• **INPUT DATA**:
───

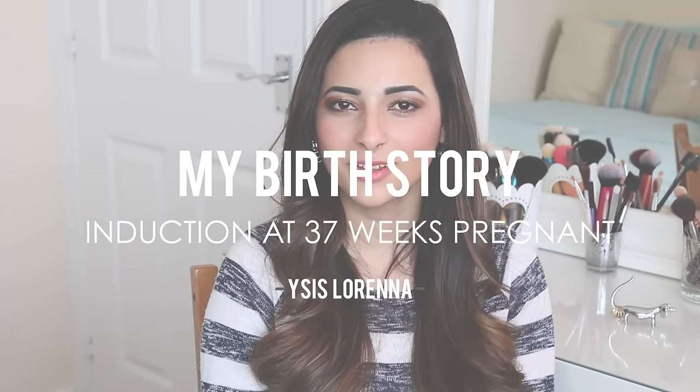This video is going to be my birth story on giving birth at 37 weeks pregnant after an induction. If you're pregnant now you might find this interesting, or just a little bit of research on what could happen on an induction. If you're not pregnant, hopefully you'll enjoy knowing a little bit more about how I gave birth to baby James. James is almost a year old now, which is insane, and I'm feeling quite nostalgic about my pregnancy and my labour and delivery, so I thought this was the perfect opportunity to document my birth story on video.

───

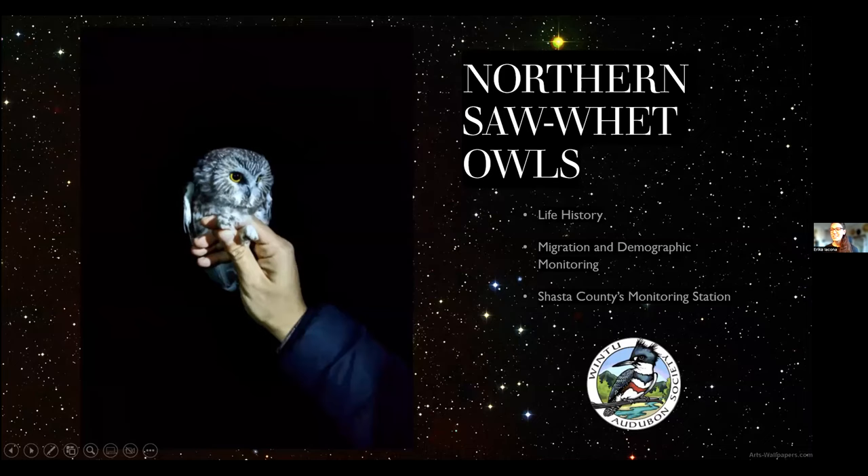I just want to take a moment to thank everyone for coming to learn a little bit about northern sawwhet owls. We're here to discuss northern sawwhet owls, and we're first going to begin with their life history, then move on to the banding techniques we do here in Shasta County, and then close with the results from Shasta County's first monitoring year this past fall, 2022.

───

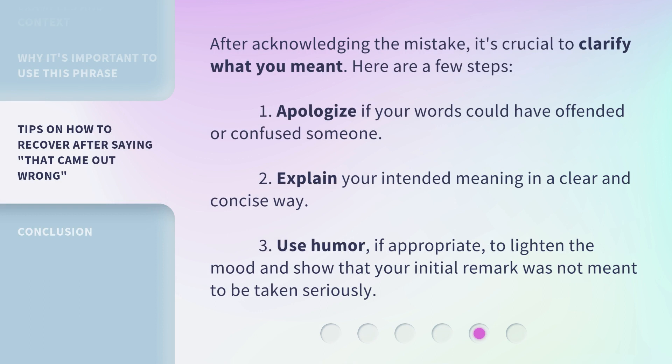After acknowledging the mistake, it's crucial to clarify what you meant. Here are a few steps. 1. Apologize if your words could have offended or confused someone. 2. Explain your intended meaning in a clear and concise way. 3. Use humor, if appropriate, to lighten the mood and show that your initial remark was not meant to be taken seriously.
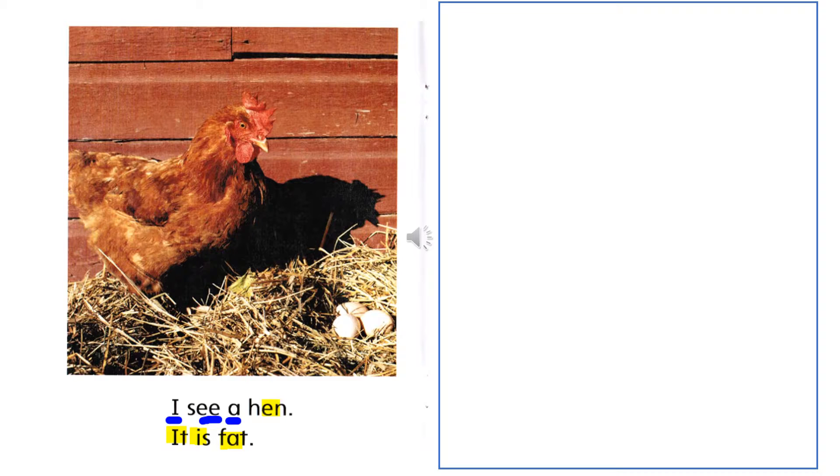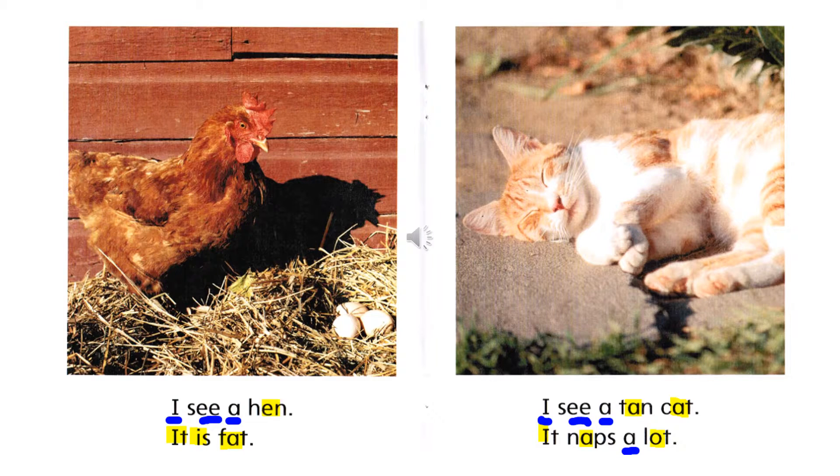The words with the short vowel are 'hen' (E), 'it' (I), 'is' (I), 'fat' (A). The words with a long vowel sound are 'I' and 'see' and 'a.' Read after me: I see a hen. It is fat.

───

• **WORK REQUEST**:
Starting with the line that contains "After acknowledging the" and finishing with the line that contains "The words with the", reproduce every line of the material above exactly, but not the pictures.

• **SOLUTION FOR THIS EXERCISE**:
After acknowledging the mistake, it's crucial to clarify what you meant. Here are a few steps. 1. Apologize if your words could have offended or confused someone. 2. Explain your intended meaning in a clear and concise way. 3. Use humor, if appropriate, to lighten the mood and show that your initial remark was not meant to be taken seriously.
The words with the short vowel are 'hen' (E), 'it' (I), 'is' (I), 'fat' (A). The words with a long vowel sound are 'I' and 'see' and 'a.' Read after me: I see a hen. It is fat.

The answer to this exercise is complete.